Archive for category Letters to Critics

Letter to Eric Harvey 2

To this guy:




Eric, I’m impressed you’ve stood your ground on my challenge. Good. That’s the first step. Now, I’m going to get this rolling with a little recap. To you I paid battle’s invitation by knife fight in the written world: cold, pointed words against a foe.

As you strode into the ring, losing your jacket and rolling up your sleeves, you produced from a sheath concealed behind your neck…the 1900-word essay.

This is Mortal Kombat, dude, not fey games of tag after a good reading of Byron. You could have DUG into me, Eric. I even glimpsed fleeting merit scrolling down the small book you wrote for me at 3 in the morning. Then I thought to myself, “Wow, why read this when porn’s a click away?” I started skimming. Jesus man, we’re not two old chums from the academy locked in a cursive game of Risk. We hardly know each other. Did you actually expect me to methodically read through your five-page English paper or were you just producing a manuscript for posterity?

If someone scrubs his boot into your persuasion, this is what you do? You attack him with the stuff he’s already ridiculed you about not two months ago? You bore him into basalt before the next foot-noted strike? I don’t recall Dutch ever taking that approach. Dutch would have his skull bouncing in the predator’s crotch-mounted trophy case pulling that kind of shit.

Now, Eric, I’m giving you another shot. If you’re not going to meet my knife with a blade, then I’m disappointed in you. You see, I don’t have a problem with SOMETHING you wrote. I got a problem with what you write. And my respect for you is going to be kissing the cow pie if you can’t come up with something better to stall my engine.

Here’s something to mull your cider, Eric:

Remember that line I wrote in my letter to you? You know; the one about the children of Ungoliant so eager to lap up your cold curds? Ungoliant was a hideous thing in Tolkien’s lore. In fact, her heart was so twisted by her ceaseless hunger that she bit and drained light from the world. I don’t respect what you do to music and its makers. I think it poison. That’s my conviction. And I will take my phial given by the lady, and I will jam it in your eyes until you stay your plague on music.

I’m not finished. Before you go deliberate your options, you’re going to park yourself and watch this. You’re going to watch and imagine I stole the fish you caught to feed your family in the skeezy part of Italy.

You gonna put up a fight for that fish or you gonna granny shot another book at me?

*No, you’re not Ungoliant. You a kid.

Letter to Eric Harvey

To this guy:



For what reason do I rise? I’m afforded the right as an American citizen to air my feelings about you over the net waves. I intend to exercise that freedom. Your PhD program? I oppose it, sir.

This is from your website:

“When I’m not blogging, I’m a PhD candidate at Indiana University, in the departments of Communication and Culture and Ethnomusicology. My dissertation will center on indie music fandom during the peer-to-peer era”

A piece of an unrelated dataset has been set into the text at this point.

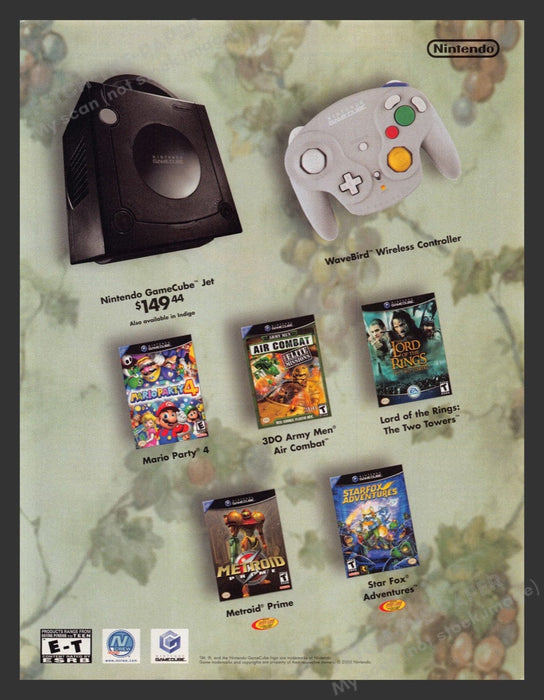 2003 Nintendo GameCube Jet WaveBird Games Video Game Print Advertisement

I’ve got some grievances I’m going to air here, Eric. But before I do, let me get this straight. When you finally get that piece of Indiana paper from the guy in the weird medieval cloak, you could be writing things like this:

“modern-rock guitars are stunningly bland and repetitious”

…As a mother-flogging professor?

Here’s my beef, Eric. Sometimes when I flick on the news, I hear about China and India producing an assload of cutting-edge scientists, top engineers, and mathematicians who don’t forget negative signs in calculus. Now, I’m not saying that America the Beautiful’s world-dominating universities ain’t churning out bright young minds. What I’m saying, if you catch my drift, is that maybe studying how Napster fertilized Radiohead’s internet base…should be something you do as a pastime. You know, like surfing Wikipedia or snapping black and white pictures of wheelbarrows.

Look, I know what you’re probably thinking. Who the hell is THIS upstart? How dare HE talk down to ma shit? What did HE accomplish? What level of education has HE completed? These are things you might ask.

I finished undergrad. I came out of college with a degree, but an ass-load of debt and not much else. So I respect people who are able to put in the extra miles and additional years to build a better life through school. I’m proud of how they push the envelope and advance the standing of our great nation across a competitive world. That takes determination, grit, and smarts.

But are you fucking kidding me, dude? What the hell are you going to be adding to society by furthering research in this field? You sure you’re in a field, Eric? Is it a field or just a half-acre of chaff? What kind of wheat ‘that field producing, son?

Aside from the obvious children of Ungoliant, who the hell else is going to study your research once it’s published? I’ve got a hunch who might. You know who just might read your dissertation in the field of “Communication and Culture” even more than the 5 music cretins with PhDs in the Sex Pistols? The god damned MUSIC INDUSTRY. Yep, I mean that art-crushing boogeyman so often referenced. With every piece of dense, plastic text, you could be gifting useful data to R&D departments of the very companies you think construct Lady Gaga out of legos. That’s either really funny or it murders my soul in this hard decade ahead. Or it could be complete bullshit. Hell, I’m just making it up.

Sure dude, be all grumpy and wave me off as a yappy corn dog. But consider this. The next time Arnie Duncan addresses the state of post-post-post secondary education, I don’t think more grant funding for “indie music fandom” work is going to be on his short list of priorities. Save your breath, son. I’m not saying I’ve walloped your poot tooter in life, Eric, because I haven’t. But wow dude…wow.

Hold your mule. One more thing you gotta do. You’re going to watch the following clip and imagine it’s me talking to you on a beach somewhere in the skeezy part of Italy.














Nah, I’m just messing with you. Did you actually do it?